The BRaliBase dent - a tale of benchmark design and interpretation.

Benedikt Löwes 1 Cedric Chauve 2 Yann Ponty 3, 4 Robert Giegerich 1
3 AMIB - Algorithms and Models for Integrative Biology
LIX - Laboratoire d'informatique de l'École polytechnique [Palaiseau], LRI - Laboratoire de Recherche en Informatique, UP11 - Université Paris-Sud - Paris 11, Inria Saclay - Ile de France
Abstract : BRaliBase is a widely used benchmark for assessing the accuracy of RNA secondary structure alignment methods.
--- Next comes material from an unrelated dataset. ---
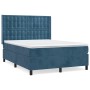 Cama box spring con colchón terciopelo azul oscuro 140x190 cm de vidaXL, Camas y somieres - Ref: Foro24-3132919, Precio: 489,...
In most case studies based on the BRaliBase benchmark, one can observe a puzzling drop in accuracy in the 40-60% sequence identity range, the so-called 'BRaliBase Dent'. In this article, we show this dent is owing to a bias in the composition of the BRaliBase benchmark, namely the inclusion of a disproportionate number of transfer RNAs, which exhibit a conserved secondary structure. Our analysis, aside of its interest regarding the specific case of the BRaliBase benchmark, also raises important questions regarding the design and use of benchmarks in computational biology.
Benedikt Löwes, Cedric Chauve, Yann Ponty, Robert Giegerich. The BRaliBase dent - a tale of benchmark design and interpretation.. Briefings in Bioinformatics, Oxford University Press (OUP), 2017, 18 (2), pp.306--311.